Oklahoma hospitals down to 33 ICU beds as COVID-19 surge continues


FILE – In this April 20, 2020, file photo, resident physician Leslie Bottrell stands outside a room at an Intensive Care Unit as a nurse suctions the lungs of a COVID-19 patient at St. Joseph’s Hospital in Yonkers, N.Y. A U.S. government report says death rates are 12 times higher for coronavirus patients with chronic illnesses than for others who become infected. The Centers for Disease Control and Prevention report Monday, June 15 highlights the dangers posed by these conditions. They include heart disease, diabetes and chronic lung ailments, such as asthma or emphysema. (AP Photo/John Minchillo, File)

OKLAHOMA CITY (KFOR) – There are only 33 ICU beds available in hospitals across Oklahoma as the state’s COVID-19 surge worsens.

The Oklahoma State Department of Health’s Executive Report for Dec. 4 states that of the 1,007 ICU beds in hospitals across the state, only 33 (3 percent) are available.

The report states that Oklahoma hospitals currently have 1,636 COVID-19 patients, 467 of which are in ICU, and 85 patients under investigation for coronavirus, five of which are in ICU.

Photo goes with story
Source: Oklahoma State Department of Health

Some medical officials are taking extra measures to ensure there is available room for patients.

The Oklahoma City Fire Department’s Urban Search and Rescue Team helped the Oklahoma City-County Health Department on Monday by assembling portable shelters for the possibility of overflowing COVID-19 patients.

OSDH reported 4,827 new COVID-19 cases on Friday, a 2.4 percent increase, bringing the total number of COVID-19 cases since the pandemic began in March to 208,875.

Officials said that the massive new number was the result of a backlog within the PHIDDO reporting system. Those officials say case levels should have been around 3,000 per day for Dec. 2 through Dec. 4.

But the numbers of new COVID-19 cases reported each day over the past month are drastically higher than the numbers of new cases reported throughout October.

The highest number of new COVID-19 cases reported in October was 1,829, which was reported on Oct. 24.

New COVID-19 case numbers saw a massive increase in November, including 4,507 new cases reported on Nov. 7. Since that day, new cases have fluctuated between the low two thousands to the high three thousands.

OSDH reported 6,257 new COVID-19 cases on Nov. 28, which accounts for a two day span of new cases.

(Nexstar DC photo)

There have been 1,860 COVID-19 deaths in Oklahoma since March, 24 of which were reported on Friday.

There are currently 29,451 active cases in the state, according to OSDH.

Medical professionals in Oklahoma are alarmed by the skyrocketing figures, and on Tuesday held a new conference urging Oklahomans to take precautions to slow the spread of COVID-19.

“We absolutely need the public to take this very seriously,” said Patti Davis, president of the Oklahoma Hospital Association.

Nurses are also raising red flags about the pandemic’s impact on hospitals and hospital staff.

The Oklahoma Nurses Association said this week that there was a nursing shortage in Oklahoma for years, and that the pandemic has taken a heavy toll on those nurses.

“Our nurses and clinical staff continue to overcome these challenges every day; they’re extremely resilient people, but in many cases they also become exhausted,” Karyl James, chief nursing officer at Mercy Hospital, said. “They’ve been working around the clock for eight months with no real end in sight.”
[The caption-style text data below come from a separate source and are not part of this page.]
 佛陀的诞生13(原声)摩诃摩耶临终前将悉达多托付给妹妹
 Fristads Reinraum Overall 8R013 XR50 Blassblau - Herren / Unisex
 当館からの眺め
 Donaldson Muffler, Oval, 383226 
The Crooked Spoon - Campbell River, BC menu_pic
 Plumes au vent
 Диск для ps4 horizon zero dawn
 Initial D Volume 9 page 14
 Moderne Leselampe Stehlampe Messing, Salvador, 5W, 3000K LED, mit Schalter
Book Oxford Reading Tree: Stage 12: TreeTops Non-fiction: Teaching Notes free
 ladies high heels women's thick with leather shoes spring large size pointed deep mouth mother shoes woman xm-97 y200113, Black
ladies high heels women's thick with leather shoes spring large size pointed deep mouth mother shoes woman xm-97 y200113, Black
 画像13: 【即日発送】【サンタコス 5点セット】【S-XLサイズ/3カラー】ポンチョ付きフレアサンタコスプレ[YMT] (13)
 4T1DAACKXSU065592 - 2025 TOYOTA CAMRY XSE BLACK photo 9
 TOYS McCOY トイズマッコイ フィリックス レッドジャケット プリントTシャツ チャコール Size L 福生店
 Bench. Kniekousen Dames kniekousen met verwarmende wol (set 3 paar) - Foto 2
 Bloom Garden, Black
The Nurses Association met with OSDH officials as well as members of Gov. Kevin Stitt’s office on Thursday.

The organization asked that a marketing campaign be launched to bring nurses out of retirement, or to get nurses who have expired licenses back on the job.

They also asked for a face mask mandate in counties that have a certain number of new COVID cases per 100,000 people.

Stitt’s office issued the following statement regarding the meeting:

“The governor’s team had a productive meeting yesterday with the Oklahoma Nurses Association, and we are grateful for everything nurses are doing to care for Oklahomans. Nurses are incredibly valuable to our state and its healthcare system, and we are committed to working together on a plan to recruit more nurses to serve in Oklahoma and to find ways to continue to support them as we protect the health and lives of Oklahomans.”


Stitt has resisted issuing a statewide face mask mandate despite several leading medical officials in the state calling for him to enact such a mandate to slow COVID’s surge and minimize the numbers of deaths caused by the virus.

“We can continue to go along and just keep waiting and hoping that we get a vaccine out, or we can do more aggressive things to slow the spread of the disease and to save people’s lives,” Dr. Dale Bratzler, the University of Oklahoma’s Chief COVID Officer, said during a previous interview with KFOR.